**Your assignment**. Repeat only what runs from the line with "REDIAL jeans met" through the last line of the data below, both included, keeping every word as it is and leaving out the pictures.

++++ Data shown

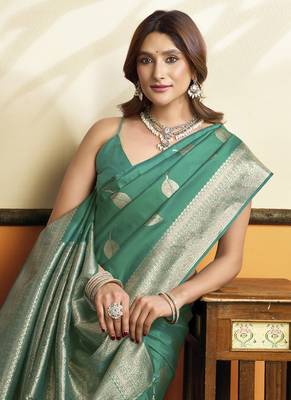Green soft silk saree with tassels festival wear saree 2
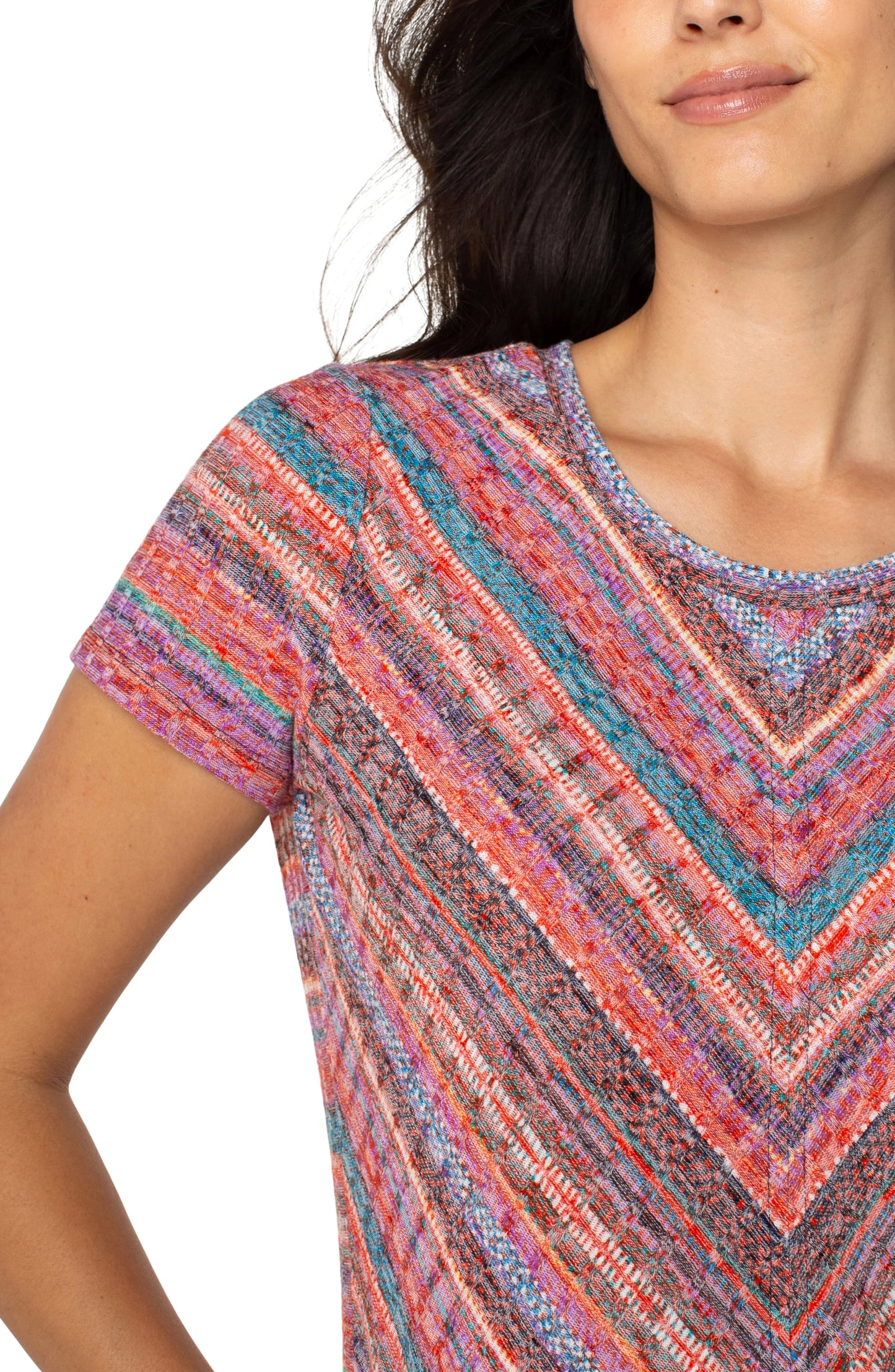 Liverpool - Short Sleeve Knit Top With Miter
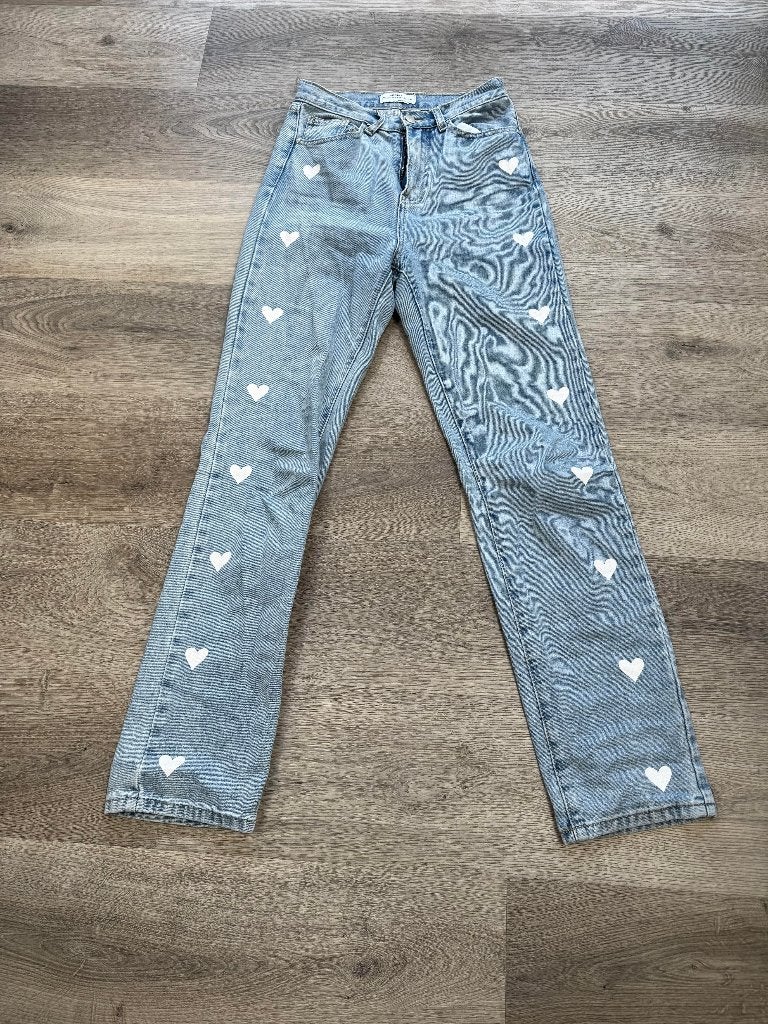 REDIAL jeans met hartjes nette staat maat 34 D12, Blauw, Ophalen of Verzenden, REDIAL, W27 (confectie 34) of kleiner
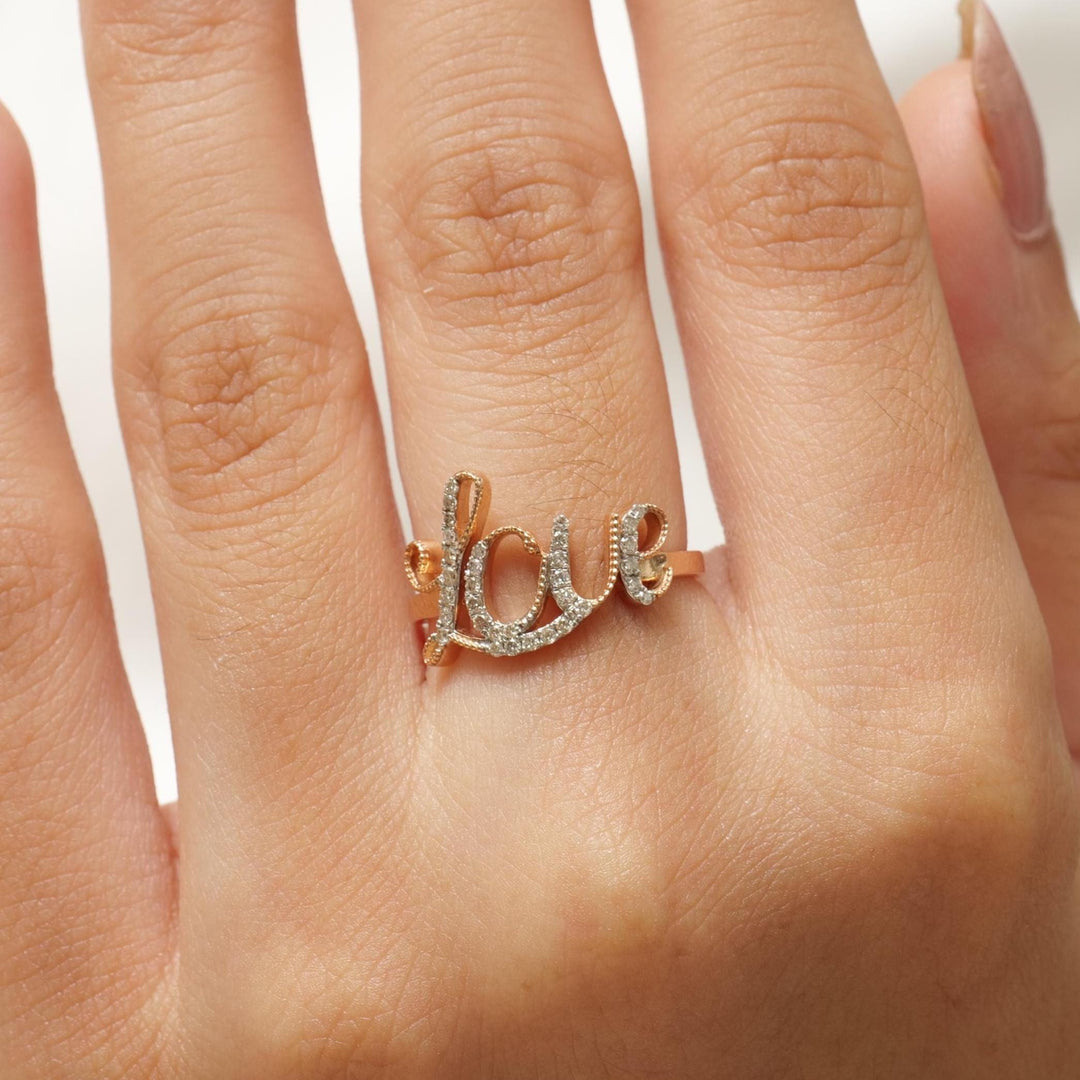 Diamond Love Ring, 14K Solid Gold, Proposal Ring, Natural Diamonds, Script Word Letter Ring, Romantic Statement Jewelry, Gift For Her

++++++++

**Result of this task**.
 REDIAL jeans met hartjes nette staat maat 34 D12, Blauw, Ophalen of Verzenden, REDIAL, W27 (confectie 34) of kleiner
 Diamond Love Ring, 14K Solid Gold, Proposal Ring, Natural Diamonds, Script Word Letter Ring, Romantic Statement Jewelry, Gift For Her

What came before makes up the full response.